**Exercise aim:** Output the run of lines that opens with the first line of the material below and closes with the line containing "Add onions, shiitake", both included, and drop the pictures.

>>>

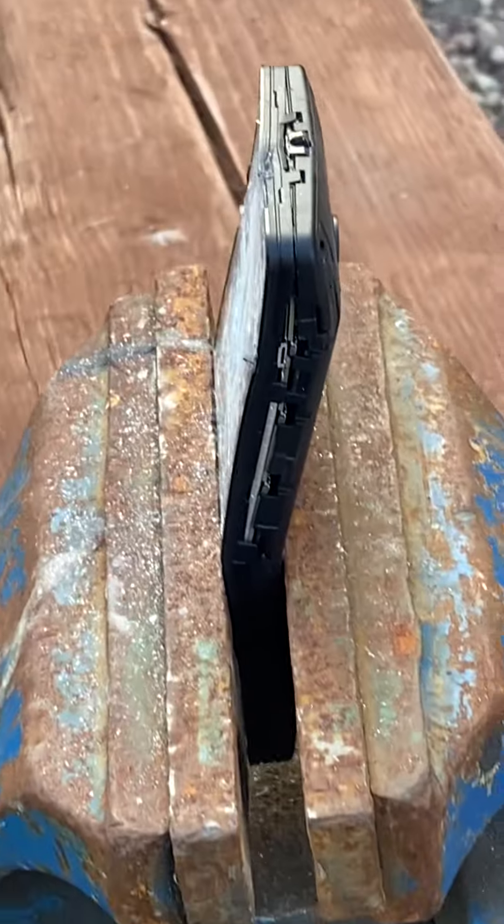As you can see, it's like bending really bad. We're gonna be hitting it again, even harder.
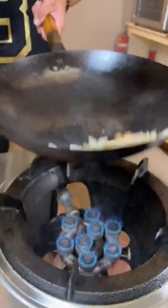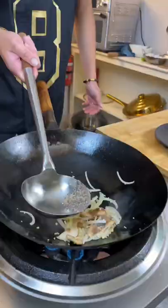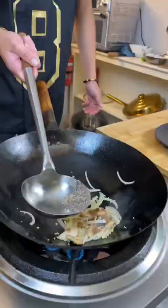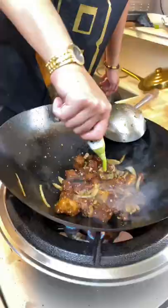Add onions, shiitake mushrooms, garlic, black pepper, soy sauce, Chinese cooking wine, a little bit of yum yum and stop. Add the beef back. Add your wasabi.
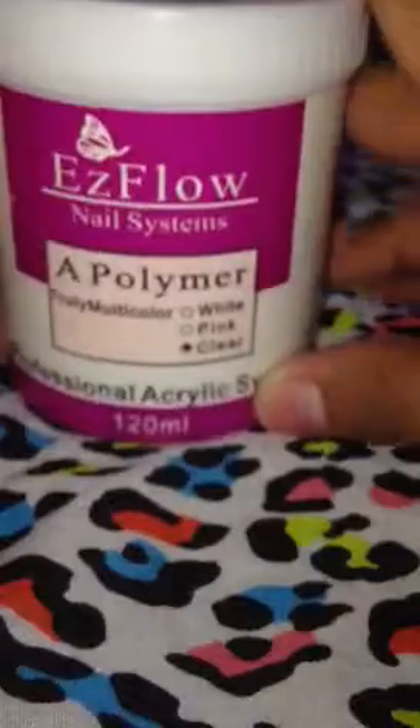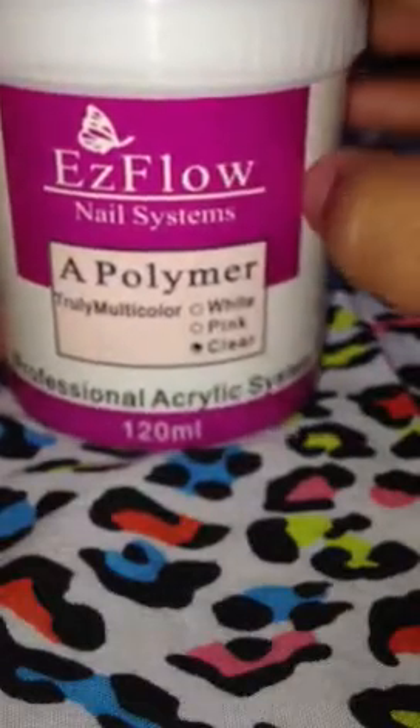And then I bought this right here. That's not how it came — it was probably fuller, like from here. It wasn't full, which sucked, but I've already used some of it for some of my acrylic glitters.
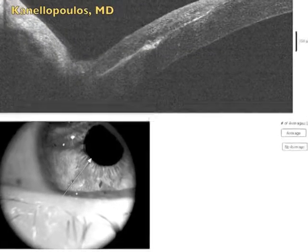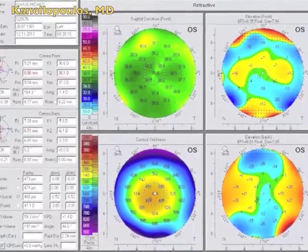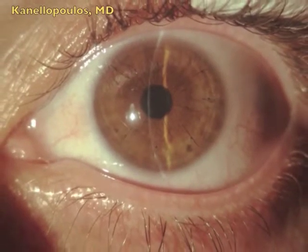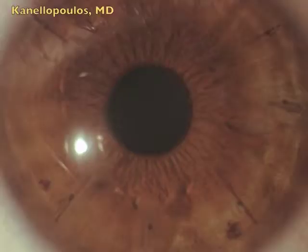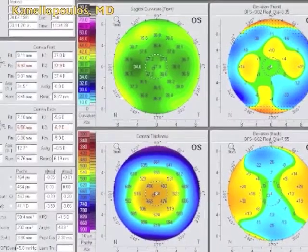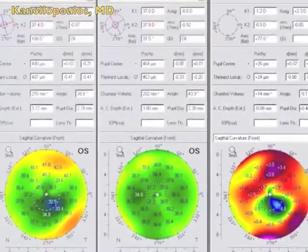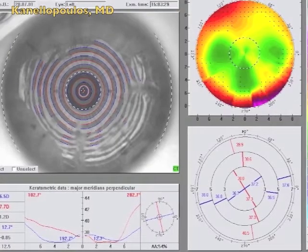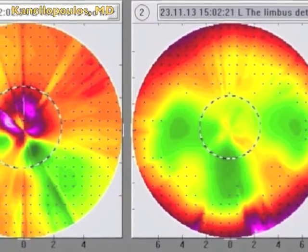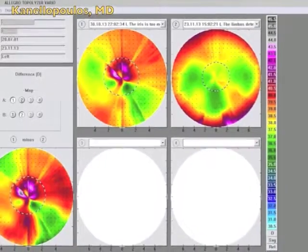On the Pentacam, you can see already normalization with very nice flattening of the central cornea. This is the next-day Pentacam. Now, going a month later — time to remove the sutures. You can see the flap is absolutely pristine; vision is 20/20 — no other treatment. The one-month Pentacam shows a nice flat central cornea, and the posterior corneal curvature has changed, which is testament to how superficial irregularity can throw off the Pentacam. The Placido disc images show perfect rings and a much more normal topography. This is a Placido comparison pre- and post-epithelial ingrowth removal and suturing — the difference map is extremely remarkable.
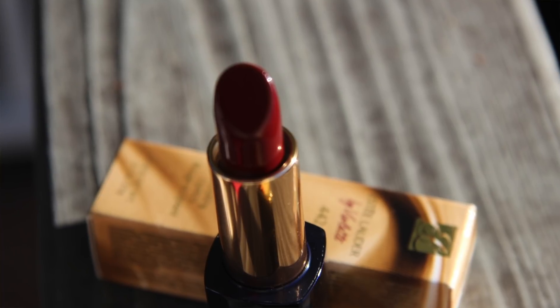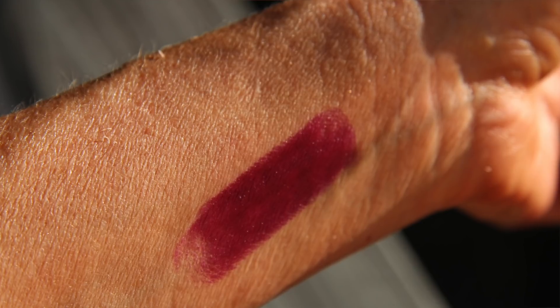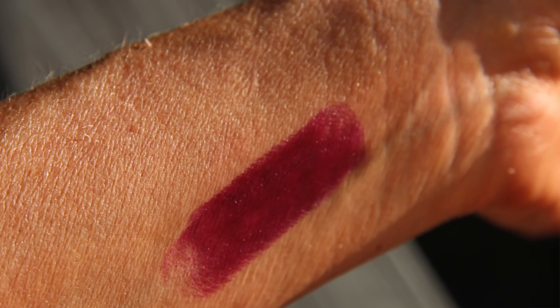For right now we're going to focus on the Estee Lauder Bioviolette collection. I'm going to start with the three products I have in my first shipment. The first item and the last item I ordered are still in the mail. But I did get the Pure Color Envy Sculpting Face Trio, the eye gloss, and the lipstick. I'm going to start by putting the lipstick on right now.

<<<

**Result of the task:**
As you can see, it's like bending really bad. We're gonna be hitting it again, even harder.
Add onions, shiitake mushrooms, garlic, black pepper, soy sauce, Chinese cooking wine, a little bit of yum yum and stop. Add the beef back. Add your wasabi.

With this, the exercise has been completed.